Jean-François Chadelat

Transcription

Présentateur
Va-t-on vers un conflit entre la Sécurité sociale et les médecins ? La question est posée depuis que la Caisse primaire centrale d’Assurance maladie de la région parisienne a annoncé la décision prise par les trois caisses maladie en question ; de déconventionner un certain nombre de médecins. Il est reproché à ces médecins d’avoir établi des actes médicaux sans appliquer dans plus de 50 % des cas le tarif conventionnel. Un tarif qui permet, vous le savez, le remboursement par la Sécurité sociale dans les conditions que chacun connaît. Mais voyons cela maintenant d’un peu plus près.
Journaliste
Plus de 150 médecins menacés d’être dégagés de la convention nationale par la caisse primaire centrale. On leur reproche d’avoir fait payer systématiquement à leur client des prix de visite ou de consultation supérieurs au tarif conventionnel fixés actuellement à 23 francs. Seuls ont droit à des dépassements d’honoraires les médecins qui ont une notoriété accrue par leurs titres universitaires, leurs activités hospitalières ou leurs travaux de recherche.
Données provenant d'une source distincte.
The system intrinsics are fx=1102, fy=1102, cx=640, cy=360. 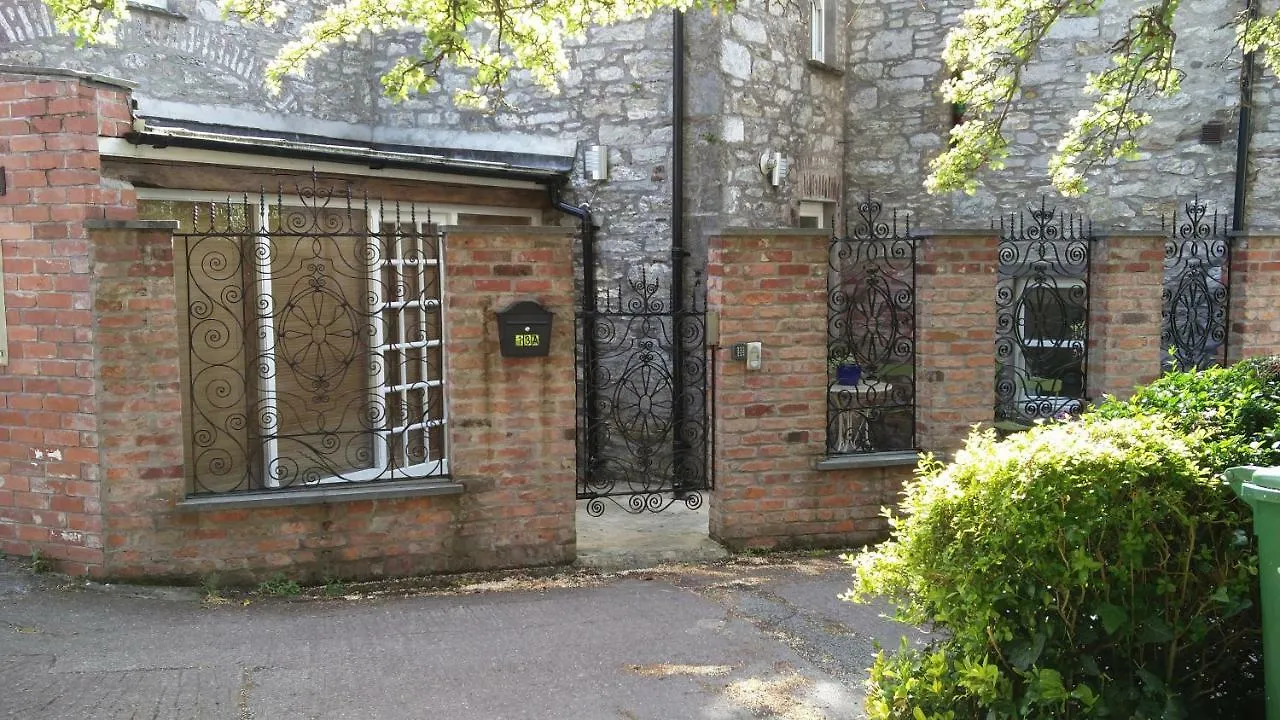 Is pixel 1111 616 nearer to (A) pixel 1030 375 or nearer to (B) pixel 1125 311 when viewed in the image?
(B) pixel 1125 311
Si un médecin est dégagé de la convention, cela signifie pour lui la perte d’avantages sociaux, un régime fiscal modifié. Il ne pourra exercer que dans des quartiers aisés. Conséquence pour le malade, les frais de visite ou de consultation ne seront plus remboursés que sur un tarif autoritaire de 4 francs, au lieu des 75 % du montant de la visite. Les frais de pharmacien ou de laboratoire étant eux remboursés normalement. En province, des caisses ont pris les mêmes décisions que celles de Paris. Des lettres de mise en garde ont été adressées à plusieurs médecins. Certains d’entre eux se sont engagés à respecter désormais les tarifs de la convention. Réactions des syndicats médicaux français, certaines de ces décisions sont irrégulières. Les dossiers doivent être transmis à la commission médicosociale paritaire. De son côté, la Caisse nationale dispose d’un mois pour entériner ou non la décision de la Caisse primaire. C’est tout le problème de la convention passée entre la Sécurité sociale et les médecins qui se trouve maintenant en cause.